Jaroslav Pešina, "K datování deskových obrazů ve Waldesově obrazárně", Ročenka Kruhu pro Pěstování Dějin Umění : za rok (1934), pp. 131-137.
Jaroslav Pešina, Pozdně gotické deskové malířství v Čechách, Prague, 1940, pp. 150-151, 220.
Patrik Šimon, Jindřich Waldes : sběratel umění, Prague, 2001, pp. 166, 168, note 190.
Ivo Hlobil, "Tři gotické obrazy ze sbírky Jindřicha Waldese", Umění, vol. 52, no. 4 (2004), p. 369.
Exécuté dans les années 1380 ou 1390 par un proche collaborateur du Maître de l'Ordre.
Třeboň Altarpiece, ce panneau impressionnant est une œuvre rare créée à la cour royale de Prague et une redécouverte importante pour le corpus de la peinture de Bohême ancienne. Elle provient d'une collection américaine, des descendants du célèbre industriel et collectionneur tchèque Jindřich Waldes, mort à La Havane en fuyant l'Europe occupée par les nazis.
La tradition visuelle distinctive de l'école de Bohême a commencé à prendre forme au milieu du XIVe siècle, après que Charles IV, roi de Bohême puis empereur romain germanique, eut fait de Prague un centre artistique majeur. L'afflux d'artistes étrangers et l'importation d'œuvres d'art significatives de toute l'Europe ont eu une profonde influence sur le développement d'un style pictural local. Les premières peintures italiennes, en particulier celles des peintres siennois et de Tommaso da Modena (qui travaillait à la cour de Charles IV), ont eu un impact considérable sur la première génération de peintres bohémiens. Bien que cette influence se fasse encore sentir dans le fond d'or brillant et l'outillage délicat de l'œuvre présente, l'auteur de ce tableau semble répondre davantage aux peintures de ses prédécesseurs à Prague qu'à des influences étrangères.
Cette Résurrection du Christ utilise un format de composition qui était populaire tout au long de la période médiévale tardive, mais qui était particulièrement répandu dans la peinture de Bohême. Le Christ est représenté assis sur un sarcophage de marbre rose, descendant sur le sol d'un pied nu.
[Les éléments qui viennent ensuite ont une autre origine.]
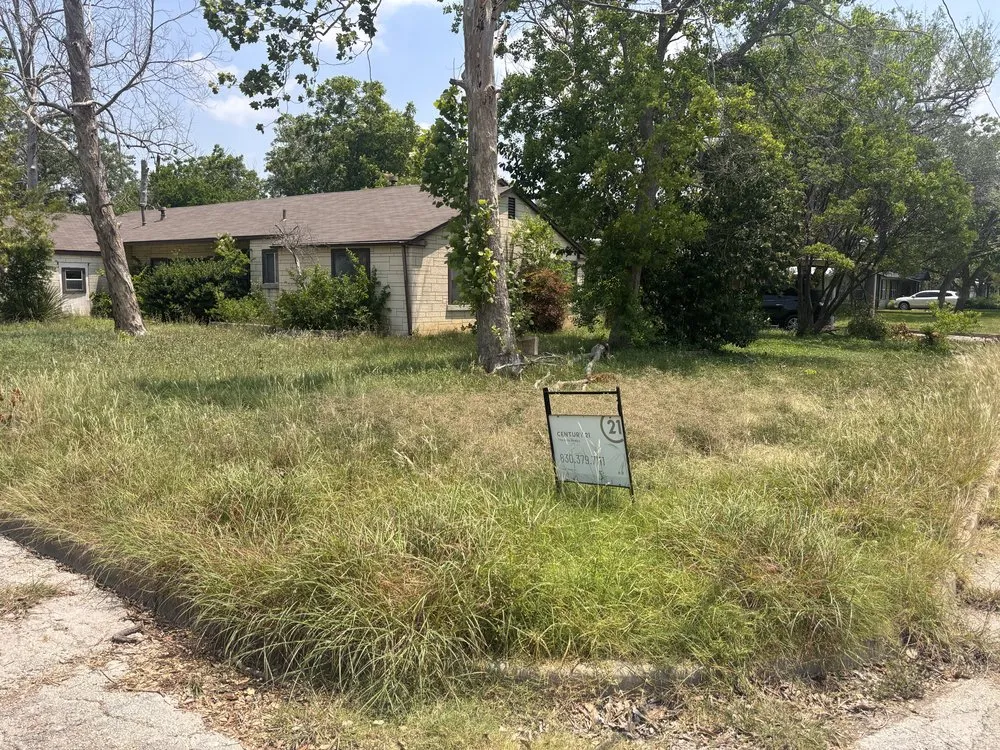 Local lawn mowing service experts serving Seguin, TX - Garza lawn & junk removal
Il bénit le spectateur de la main droite, tandis que de la gauche il tient une croix de triomphe avec une bannière flottante, symbole de sa victoire sur la mort. Plusieurs soldats romains somnolent au pied du tombeau, à l'exception d'un personnage grotesque qui, commençant à se réveiller, se protège les yeux de la lumière et regarde avec un visage ahuri le Christ sortir de son tombeau. Le Christ est enveloppé dans une robe d'un rouge éclatant avec une doublure intérieure bleue, dont les couleurs varient subtilement en fonction de la lumière. Il se détache nettement sur la toile de fond dorée, qui n'est interrompue que par le paysage abstrait et les arbres situés de part et d'autre de lui.
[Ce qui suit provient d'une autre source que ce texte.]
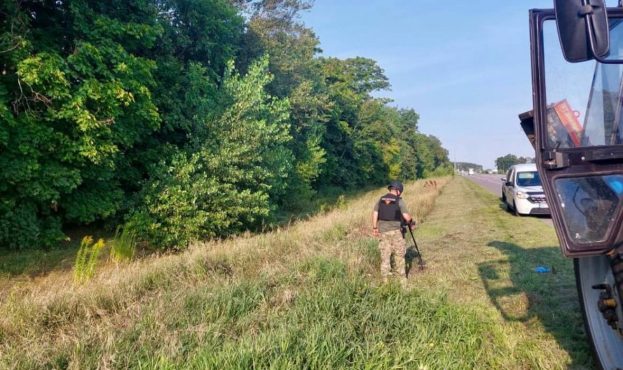 Ви зараз переглядаєте На Київщині трактор підірвався на боєприпасі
Les armures des soldats sont rendues avec précision, le gris froid du métal contrastant avec les tons de terre des vêtements extérieurs. Le soldat endormi, placé dans un enchevêtrement d'armures, sans visage ni mains apparents, est recouvert de ce qui semble être un bouclier orné de deux mouches sur un champ blanc, ressemblant quelque peu à un cartouche (Fig. 1). Il peut s'agir d'un signe héraldique du commanditaire du retable ou d'un signe maléfique, faisant référence aux soldats romains ou à la mort, dont le Christ triomphe dans les deux cas.
Cette peinture faisait partie de la collection rassemblée par l'industriel tchèque et fondateur de la société Waldes I+I, Jindřich Waldes, au début du XXe siècle. En tant que collectionneur, il est surtout connu pour avoir créé le musée Waldes à Prague afin d'abriter sa collection de boutons (qui compte près de 70 000 pièces), ainsi que pour avoir été le principal mécène du peintre moderniste František Kupka. Waldes était également un collectionneur passionné d'art ancien, et il a abordé son activité de collectionneur avec l'objectif de créer une collection encyclopédique d'art tchèque de la période médiévale à nos jours. Au terme de deux décennies de collection, son inventaire comptait 2331 peintures et dessins, 4764 estampes et 162 sculptures. Cette collection, qui constituait la Waldesova Obrazárna (a Gallery Gallery), a d'abord été exposée dans la maison de Waldes à Prague, au 44 de la rue Americká, puis dans sa nouvelle Villa Marie, au 12 de la rue Koperníkova. Cette Résurrection du Christ conserve son cadre de la Waldes Picture Gallery, y compris sa plaque d'origine "173 / Česky malíř z konce 14 stol." ("Peintre tchèque de la fin du XIVe siècle") et l'étiquette de collection de Waldes au verso.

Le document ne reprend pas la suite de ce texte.